When you think over the last few days at work, have you put off doing something that actually does matter to you? Do you find yourself getting focused only when the deadline gets tight? Is there a thrill in working against the clock – when, secretly, you know you could have planned your time so that there was no last minute crisis? Does your mind wander and you become distracted quite easily? If you’re honest, do you sometimes avoid failure by never finishing (or perhaps never even starting) a key task – maybe that blockbuster business book or your breakthrough invention?
Procrastination is not a modern phenomenon. In fact, there are ancient Egyptian hieroglyphs complaining about procrastination and the first book on the topic, Anthony Walker’s ‘The Great Evil of Procrastination’, was published in 1682. But this old problem has been fuelled by the digital era, with our constant stream of emails, memos, games, social media updates, internet wandering and ‘cyber loafing’. If procrastination is an issue for you at least some of the time, then you are by no means alone. A large study conducted in Australia, UK and US confirmed what we have all surely suspected: 80-95% of university students suffer from chronic procrastination and, in the general workforce, the figure is a worrying 20%, with that number rising significantly when the researchers asked about occasional episodes which, nevertheless, had a negative impact on the person’s productivity, self-esteem and overall happiness.
Procrastination is about avoiding something that you feel in two minds about doing. So what is it about the task that makes you want to avoid doing it? Behavioural scientists at the London School of Economics have identified some common attention obstacles. For example, they found that you should do one thing at time. Not only did people get more done that way, but they felt happier too. Multitasking reduces productivity because of the ‘switching costs’ as you move from one task to another.
Loan officers at a Columbian bank were found to have a shared habit of putting off finding new clients until just before their monthly bonuses were calculated. Unsurprisingly, more than 70% of them reported high stress levels and an inability to stick to work plans. But when they, as a team, broke down their work into defined weekly tasks and received small prizes for finishing each week, their procrastination levels went down dramatically and their enjoyment of the job went up.
Some of the most innovative research on this common problem focuses on how to design ‘nudges’. This is about creating a portfolio of small adjustments to your environment that work together to gently nudge you in a positive direction, in ways that feel natural and without effort. For example, put yourself back in the same setting where you wrote that last well-received report. The same context will nudge you towards those previous useful behaviours.

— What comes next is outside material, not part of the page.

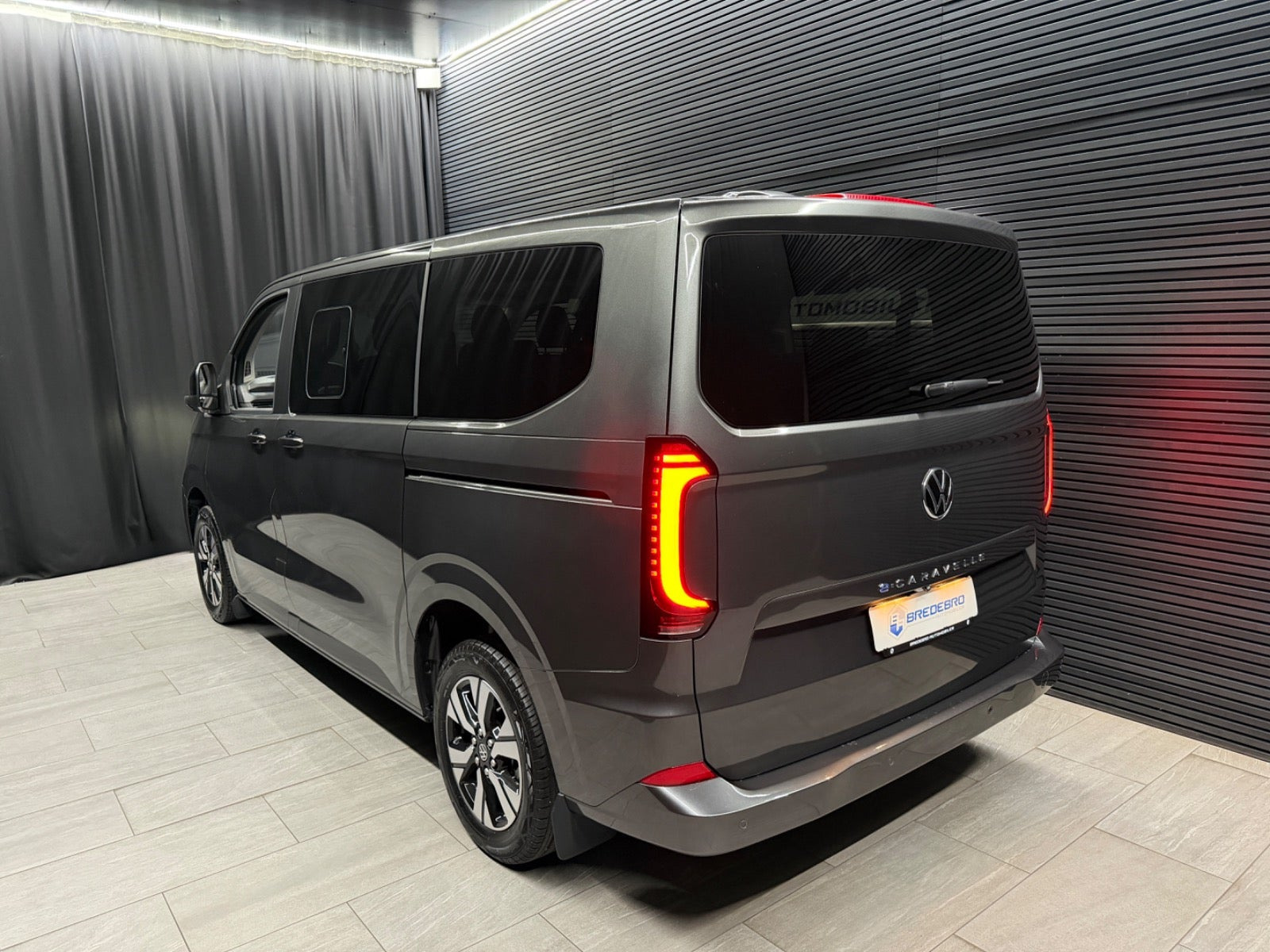 Grå VW e-Caravelle fra 2025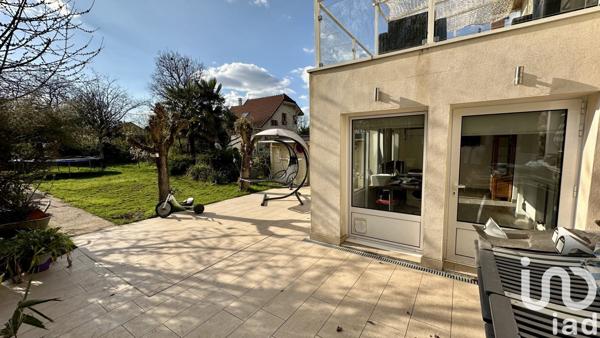 Maison à vendre 6 pièces 156 m² Sainte-Geneviève-des-Bois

However, if you always work in the same place and often struggle to get things done, rearrange your space completely and see what happens.
Other nudges include opting out of internet distractions; setting default deadlines; breaking something into small, public commitments; and hanging out with highly motivated people. This last impact was found to increase when people talk about how things are going. Conversing about experiences is pleasurable, so share with others how you get things done and listen to what they do.
Employees that reported they receive regular information about how well they are performing are more likely to say they experience high levels of meaningfulness at work. This matters because feeling a sense of purpose has been found to contribute to happiness. Even if you don’t get immediate pleasure from that tough task, identifying for yourself exactly how it is meaningful, gives you a purpose-driven route out of procrastination. Finally, if you can forgive yourself for your past procrastination, it’s more likely that you’ll take some practical steps to break the pattern this time. So be kind to yourself, as you start to change old habits!
If more than half of these items apply to you, don’t put off trying some of the ideas in this briefing!